- _THE DATA_:
== Segment start ==

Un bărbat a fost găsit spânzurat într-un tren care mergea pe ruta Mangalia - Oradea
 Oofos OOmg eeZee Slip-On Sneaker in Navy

== Segment end ==
== Segment start ==

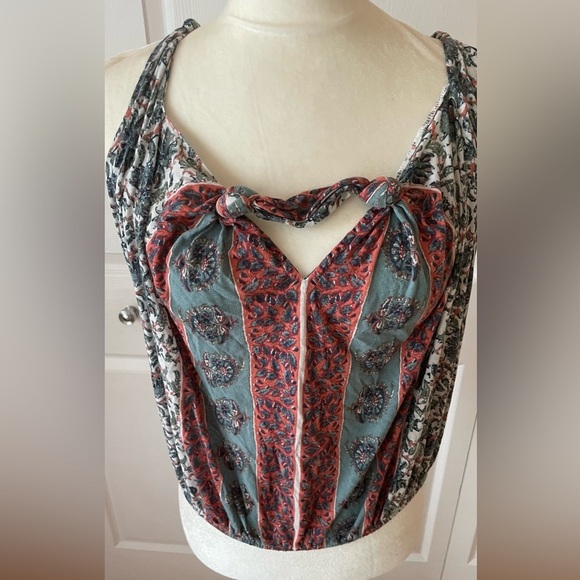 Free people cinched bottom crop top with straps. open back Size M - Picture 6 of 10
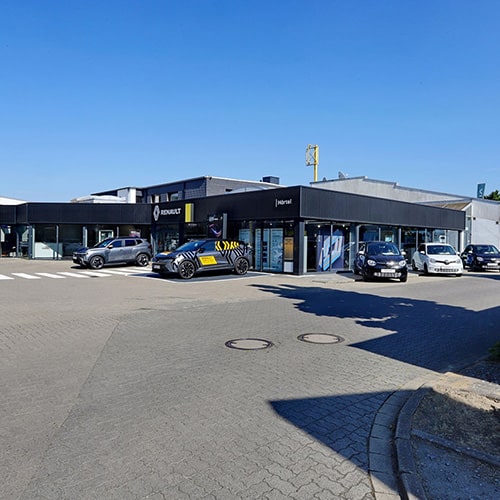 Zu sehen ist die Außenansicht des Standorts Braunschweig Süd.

== Segment end ==
== Segment start ==

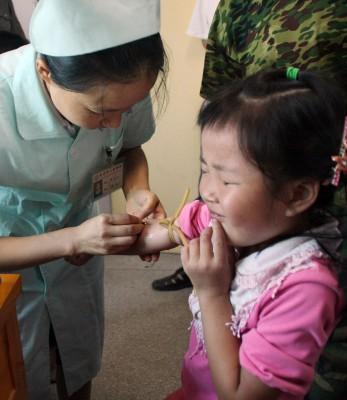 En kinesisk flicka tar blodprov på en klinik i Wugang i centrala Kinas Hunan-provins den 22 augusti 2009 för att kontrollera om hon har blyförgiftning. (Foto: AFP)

== Segment end ==

- _WHAT THE EXERCISE ASKS_:
Return the stretch of data that begins with the line showing "Free people cinched" and goes on through the line showing "Zu sehen ist", exactly, with pictures removed.

- _TASK RESULT_:
 Free people cinched bottom crop top with straps. open back Size M - Picture 6 of 10
 Zu sehen ist die Außenansicht des Standorts Braunschweig Süd.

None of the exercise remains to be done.